The Indian currency came under pressure after official data released on Friday showed that India's GDP growth fell to an over six-year low of 5 per cent in the June quarter.
Besides, the growth of eight core industries dropped to 2.1 per cent in July, mainly due to contraction in coal, crude oil and natural gas production.
The rupee opened lower at 72 to the US dollar at the interbank foreign exchange market and lost further ground to touch a low of 72.40 against the dollar.
The domestic currency settled down by 97 paise at 72.39 per dollar, logging its worst single-day fall since August 5 and the lowest closing level since November 13, 2018.
The forex market was closed on Monday on account of Ganesh Chaturthi.
In addition, IHS Markit India Manufacturing Purchasing Managers' Index (PMI) showed that the country's manufacturing sector activity declined to its 15-month low in August.
"GDP data was lower than expected and was down for the fifth consecutive quarter. June quarter GDP grew at the slowest pace since March 2013. Monthly auto sales, eight core infra data and PMI data also came in weak along with the GDP and weighed on the India Rupee," said V K Sharma, Head PCG & Capital Markets Strategy, HDFC Securities.
Forex traders said a stronger dollar also dragged the rupee down. The dollar index, which gauges the greenback's strength against a basket of six currencies, inched up 0.36 per cent to 99.27.

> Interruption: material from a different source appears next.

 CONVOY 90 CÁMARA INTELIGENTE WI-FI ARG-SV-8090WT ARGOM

"The dollar Index climbed to the highest in more than two years as uncertainty over the planning of US-China trade talks' underpinned demand for the US currency," Sharma said.
The lingering US-China trade war and Brexit fears dragged the domestic currency, even as crude oil prices eased.

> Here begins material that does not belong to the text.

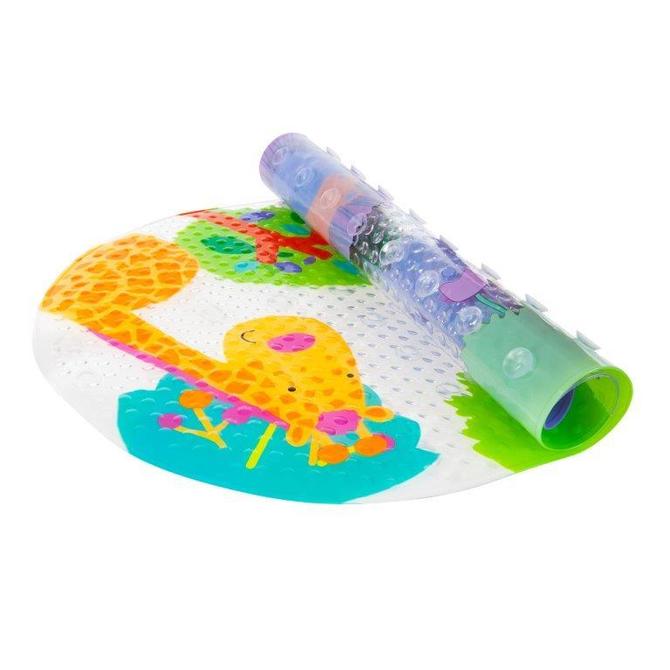 Covoraș de baie antiderapant 69X39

Angel Broking Research Analyst Vaqarjaved Khan said, "US-China trade war jitters and weak quarterly GDP data from India lead to this fall.
"Rupee is likely to depreciate towards 73.5 by the end of September'19 if the trade war escalates further between US and China and outflows from Indian equity market continues.”
China on Monday said it had lodged a complaint against the US with the World Trade Organization (WTO), one day after new tariffs were imposed by Washington on billions of dollars of Chinese goods came into force.
"The Rupee, already under pressure from strong dollar amidst Brexit worries, received a major jolt as June quarter's GDP reading fell to 5 per cent. This was further exacerbated by dismal August auto sales even as markets gave a thumbs down to PSB mergers, thereby raising worries of further rupee selling, as the FII exodus from equities continues," Anand James, Chief Market Strategist at Geojit Financial Services, commented.
Inflows are coming in the form of bonds, anticipating more rate cuts, but they remain less compared to the outflows, he added.
Foreign funds pulled out USD 2.3 billion from local shares in August, the biggest outflow since October, Sharma said.
Brent crude futures, the global oil benchmark, eased 1.55 per cent to USD 57.75 per barrel.
The 10-year government bond yield was at 6.52 per cent on Friday.
On the domestic market front, the BSE benchmark Sensex crashed nearly 770 points and the NSE Nifty tumbled over 225 points on Tuesday. The 30-share index ended 769.88 points, or 2.06 per cent, lower at 36,562.91. The broader Nifty too sank 225.35 points, or 2.04 per cent, to settle at 10,797.90.
Meanwhile, Financial Benchmark India Private Ltd (FBIL) set the reference rate for the rupee/dollar at 71.7586 and for rupee/euro at 79.2397. The reference rate for rupee/British pound was fixed at 87.4292 and for rupee/100 Japanese yen at 67.49.